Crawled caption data

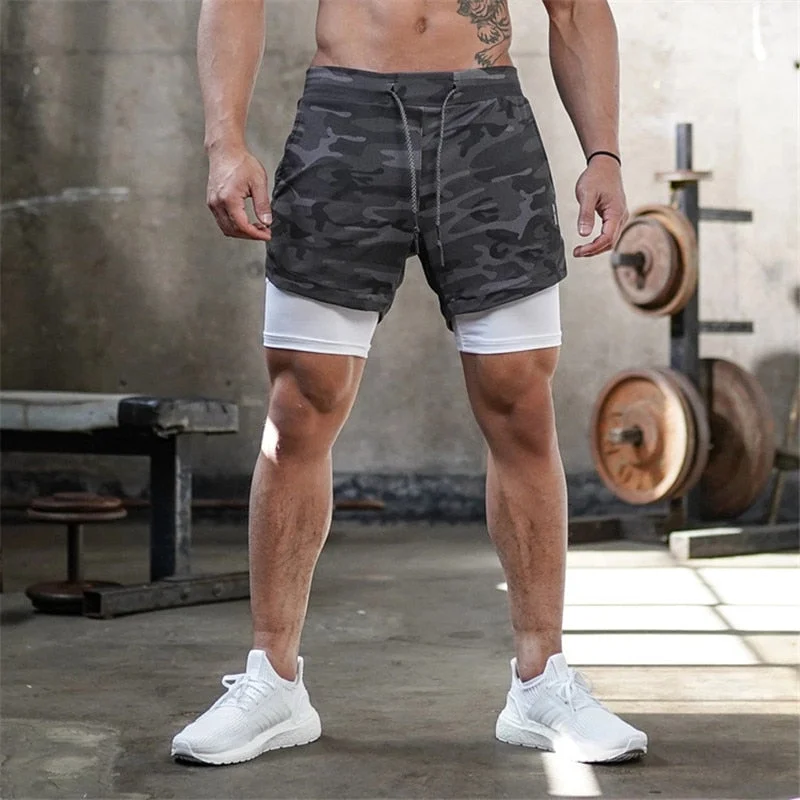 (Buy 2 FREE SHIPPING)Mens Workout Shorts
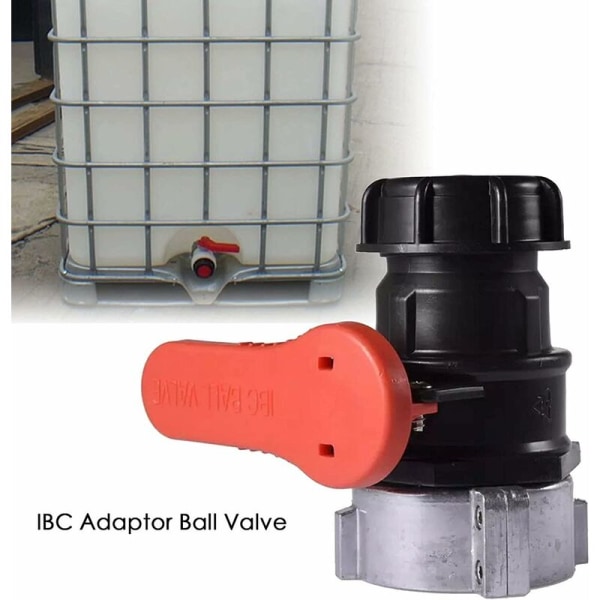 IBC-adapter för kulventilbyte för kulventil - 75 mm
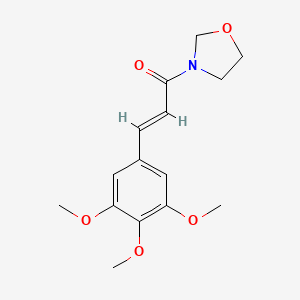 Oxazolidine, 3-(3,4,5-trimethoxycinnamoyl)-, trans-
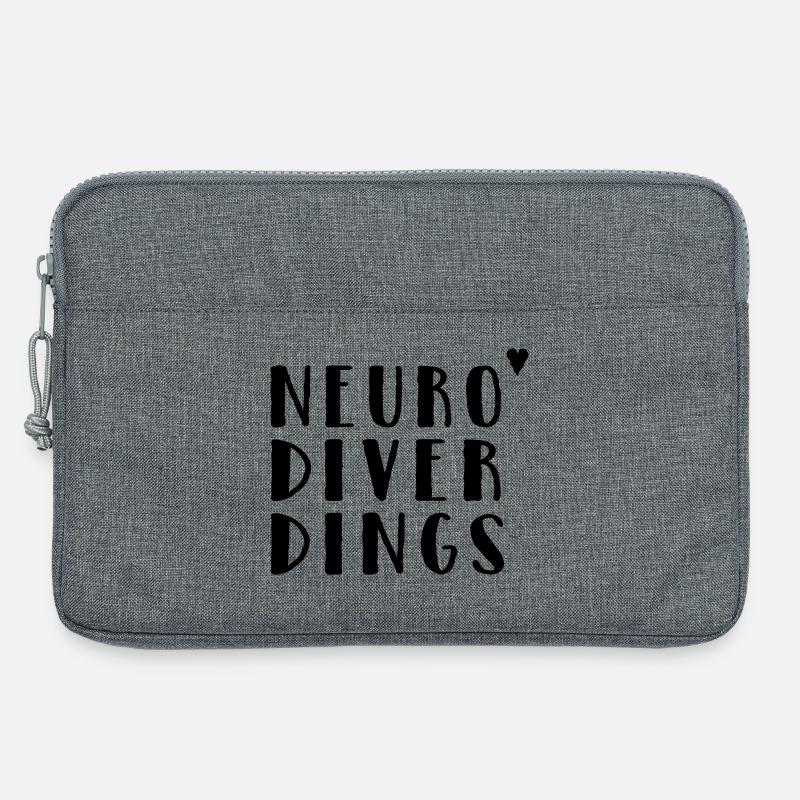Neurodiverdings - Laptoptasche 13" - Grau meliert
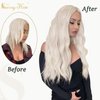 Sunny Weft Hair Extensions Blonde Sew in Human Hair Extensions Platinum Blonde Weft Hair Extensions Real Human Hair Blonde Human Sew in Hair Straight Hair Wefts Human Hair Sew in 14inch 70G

> [Task description] Set down the entries above again exactly, minus any image.

> [Output]
 (Buy 2 FREE SHIPPING)Mens Workout Shorts
 IBC-adapter för kulventilbyte för kulventil - 75 mm
 Oxazolidine, 3-(3,4,5-trimethoxycinnamoyl)-, trans-
Neurodiverdings - Laptoptasche 13" - Grau meliert
 Sunny Weft Hair Extensions Blonde Sew in Human Hair Extensions Platinum Blonde Weft Hair Extensions Real Human Hair Blonde Human Sew in Hair Straight Hair Wefts Human Hair Sew in 14inch 70G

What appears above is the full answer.